Jesus unterhält sich mit einem Schriftgelehrten, einem Experten in der Auslegung des jüdischen Gesetzes, der Thora. (Lukas 10) Alle folgenden, teils frei wiedergegebenen Bibelzitate beziehen sich auf dieses Kapitel. Der gelehrte Theologe will von Jesus wissen, was er getan haben muss, um in den Genuss des ewigen Lebens zu kommen. Sie einigen sich darauf, dass die Liebe zu Gott und die Liebe zu seinem Nächsten die beiden Gebote sind, die befolgt werden müssen, um das ewige Leben zu erlangen. Der Schriftgelehrte hakt nach: „Wer ist denn mein Nächster?" Natürlich kennt er die Antwort. Seinem theologischen Selbstverständnis zufolge gelten alle gesetzestreuen Juden als Nächste, nur auf diese ist das Liebesgebot anzuwenden. Heiden dagegen, Nichtjuden, Ausländer, auch die Leute aus Samarien, „wenn die in Todesgefahr sind, müssen wir sie nicht retten, d. h. wenn einer von ihnen ins Wasser gefallen ist, müssen wir ihn nicht herausholen, denn er ist nicht dein Nächster" (The One Volume Bible Commentary, J. R. Dummelow, Cambridge, S. 751). So die Lehrmeinung. Er kennt die Antwort also und fragt vermutlich nach, um das Gespräch weiterführen zu können und weil er wohl ahnt, dass ihm Jesus auf dieser traditionellen Linie der Argumentation nicht folgen wird. Er erwartet von Jesus, den er respektvoll „Rabbi" genannt hat, vermutlich eine theoretische Erörterung seiner Position, etwa: Dein Nächster ist jeder Mensch, weil er Gottes Geschöpf ist. Damit hätte sich Jesus allerdings auf die Ebene des Gesetzeslehrers begeben, er hätte seine Lehre zur bloßen Lehrmeinung degradiert, die intellektuell akzeptabel, wenn auch im traditionellen Sinn angreifbar und für das tägliche Tun ziemlich irrelevant ist. Jesus tut nichts dergleichen. Er erzählt stattdessen eine Beispielgeschichte, in der die Auffassung des Gelehrten von Gesetz radikal in Frage gestellt wird und er selbst die Schlussfolgerung ziehen muss: dass es nicht darauf ankommt zu wissen, wer dein Nächster ist, sondern darauf, ein Nächster zu sein.
Jesus erzählt von zwei Funktionären des Tempels, einem Priester und einem Leviten, Diener des Gesetzes also, die auf der Straße von Jerusalem nach Jericho einen ausgeraubten, halb tot Geprügelten sehen und weitergehen.
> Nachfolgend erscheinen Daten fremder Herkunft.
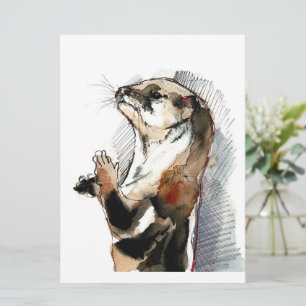 Carte Otter Dessin D'Art Cadeaux de loutre mignonne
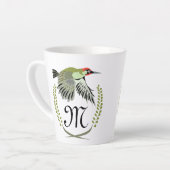 Green Woodpecker in Flight Monogram Latte Mok (Linkerhoek)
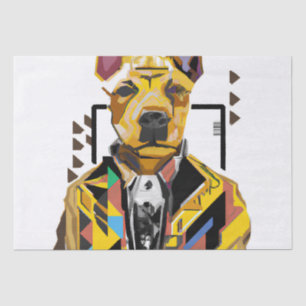 Dog Wearing a Suit: Digital Art Tissue Paper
Hingegen nimmt sich ein Mann aus Samarien des Überfallenen an, versorgt ihn und bringt ihn in Sicherheit.
Der Kontrast könnte größer nicht sein: Diejenigen, die in besonderem Maße Kenner und Experten der beiden vornehmsten Gebote „Du sollst Gott, deinen Herrn, lieben von ganzem Herzen, von ganzer Seele, von allen Kräften und von ganzem Gemüte und deinen Nächsten wie dich selbst", erweisen sich als außerstande, die Situation zu erfassen, d. h. das Gebot der Nächstenliebe zu praktizieren. Doch der von ihnen verachtete Samariter, den sie außerhalb des Gesetzes wähnen, tut eben dies mit großer Selbstverständlichkeit: Er leistet die notwendige Hilfe. Aus dem Verhalten der frommen Gesetzeshüter geht hervor, dass sie das Gesetz nicht verstanden haben. Es ist offensichtlich leichter für sie, die Regeln, die für ihren Berufsstand gelten, zu befolgen als das übergeordnete göttliche Gebot. Es ist nicht erkennbar, ob der Mensch ein Jude ist, ausgeraubt, wie er ist, und Ausländern gegenüber sind sie ausdrücklich nicht zur Hilfeleistung verpflichtet. Der Priester kann sich damit rechtfertigen, dass der Hilfsbedürftige offensichtlich bereits tot ist und dass ihm ausdrücklich untersagt ist, eine Leiche zu berühren, um seine rituelle Reinheit nicht zu gefährden. Vielleicht sind beide in Eile, gedanklich mit ihren häuslichen oder beruflichen Dingen beschäftigt. Es könnte sein, dass die Häufigkeit solcher Vorkommnisse auf dieser gefährlichen Straße sie abgestumpft hat. Anders der Samariter. Er erfasst die Situation sofort. Er nimmt die Unbequemlichkeit auf sich, seine Reise zu unterbrechen, um dem unter die Räuber Gefallenen seine Würde und Menschlichkeit wiederzugeben. Es wird deutlich, dass er ein umfassenderes Verständnis von der Allgemeingültigkeit des Gebotes „Liebe deinen Nächsten wie dich selbst" hat als die beiden anderen Passanten.